Stage 2 model development
This stage integrated data from two sources: the outcomes of parent-child interaction tasks and responses from the Social Responsiveness Scale-2 (SRS-2). The success or failure of each of the six parent-child interaction tasks was recorded. The criteria for determining success or failure were based on clinically relevant behavioral markers. Examples of these markers include responding to a name within two attempts, correctly imitating at least one action, and engaging in symbolic play. The initial task success/failure labels were primarily provided by parents during the assessment. To ensure validity and quality control, these parent-reported labels for a stratified sample of 50 subjects (comprising 227 total task items) were rigorously validated against video-reviewed ground truth by experienced clinicians. A subset of 10 subjects (46 tasks) underwent re-review by clinicians to ensure clarity and consistency. Consistency was further ensured through a comprehensive inter-rater reliability analysis; Cohen’s kappa (κ) was calculated to quantify the agreement between parent-reported labels and clinician video reviews, yielding κ = 0.885 (95% CI: 0.85–0.92). This indicates “almost perfect agreement” according to Landis and Koch (1977)49 benchmarks. The raw observed agreement was 94.27% (214 agreed items out of 227 total items), with only 13 discrepancies identified, representing an exceptionally low mismatch rate of 5.7% for clinical and behavioral studies. This robust reliability supports the validity and quality of the parent-reported task outcomes used in our study. Like the text preprocessing in Stage 1, SRS survey responses were mapped to ASD-related terms to enhance the extraction of relevant information. The task success/failure data, represented as binary outcomes for each task, and the mapped SRS terms were combined to train a RoBERTa-Large model using fine-tuning. The model was trained for 10 epochs with a batch size of 8 and a learning rate of 2e-5. A cross-entropy loss function and the AdamW optimizer were employed for training. To prevent overfitting, early stopping based on validation loss was implemented. This trained model achieved a promising AUC of 0.93.
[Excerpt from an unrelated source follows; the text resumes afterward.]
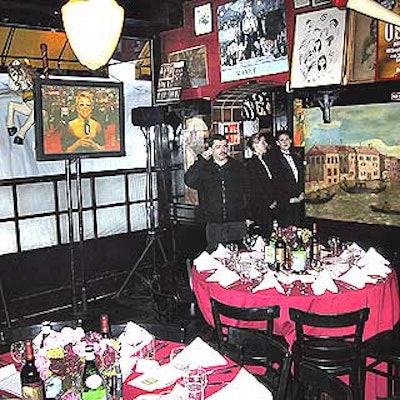 Flat-screen monitors throughout the restaurant showed the proceedings in Hollywood, and EW cover blowups sat on the ledges on the walls along with owner Elaine Kaufman's troves of literary paraphernalia.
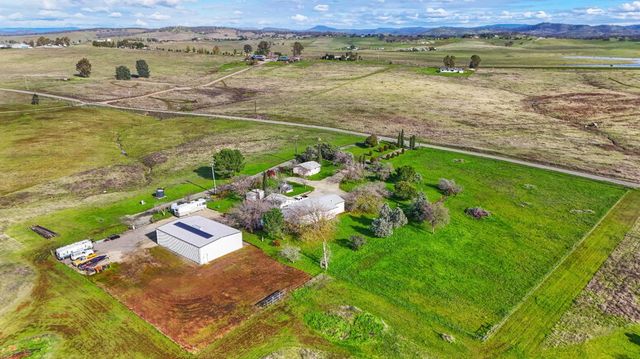 3542 Hokan Ln, Wheatland, CA 95692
Stage 2 model training and evaluation
For Stage 2, model training and evaluation involved a dataset of 162 High-Risk and 353 ASD children. We employed StratifiedGroupKFold for all splits to ensure consistency in labels and subject grouping across the dataset. An initial approximate 80:10:10 (train:validation: test) split was performed, which was later updated following the inclusion of new subjects, resulting in final sample counts of Train (455), Validation (58), and Test (57). Fixed train/validation/test sets were used for evaluation, rather than explicit cross-validation folds in this stage.
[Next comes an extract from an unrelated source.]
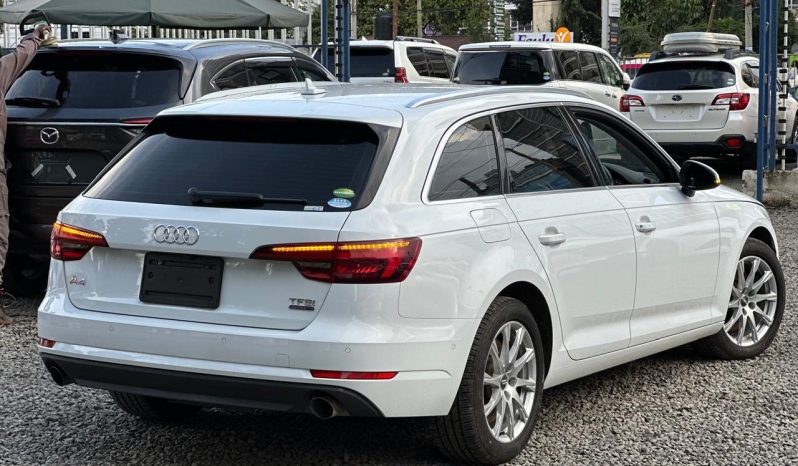 
								Audi A4 Quattro Station Wagon full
The RoBERTa-Large model was fine-tuned for 10 epochs. An effective batch size of 32 was used, achieved with a per-device train batch size of 8 and a gradient accumulation of 4 steps. The learning rate was fixed at 2e-5, and a weight decay of 1e-8 was used for regularization, with 0 warmup steps. Evaluation and model saving occurred per epoch, and the best model was loaded based on the lowest evaluation loss on the validation set (load_best_model_at_end = True, metric_for_best_model = “eval_loss”). No explicit hyperparameter search was performed, with the listed values being those used for fine-tuning. A cross-entropy loss function and the AdamW optimizer were employed for training.
Model performance was comprehensively evaluated using several metrics. The Area Under the Receiver Operating Characteristic curve (AUROC) was used to assess the model’s ability to discriminate between classes. The F1-score, the harmonic mean of precision and recall, provided a balanced measure of accuracy, while overall accuracy measured the correctness of the model’s predictions. Precision, the proportion of accurate positive predictions among all positive predictions, and recall, the proportion of accurate positive predictions among all actual positive cases, were also calculated.
Model calibration and correlation analysis
Furthermore, the ECE was computed to quantify the alignment between predicted probabilities and observed frequencies across multiple bins. The ECE is calculated using the formula shown in Eq. (4):
In this equation, \({B}_{i}\) represents the i-th bin containing predicted probabilities, \({{|B}}_{i}|\) is the number of predictions within that bin, and N is the total number of predictions. The term \({accuracy}\left({B}_{i}\right)\) refers to the fraction of true positives in bin i, while \({confidence}\left({B}_{i}\right)\) is the mean predicted probability for the predictions in that same bin.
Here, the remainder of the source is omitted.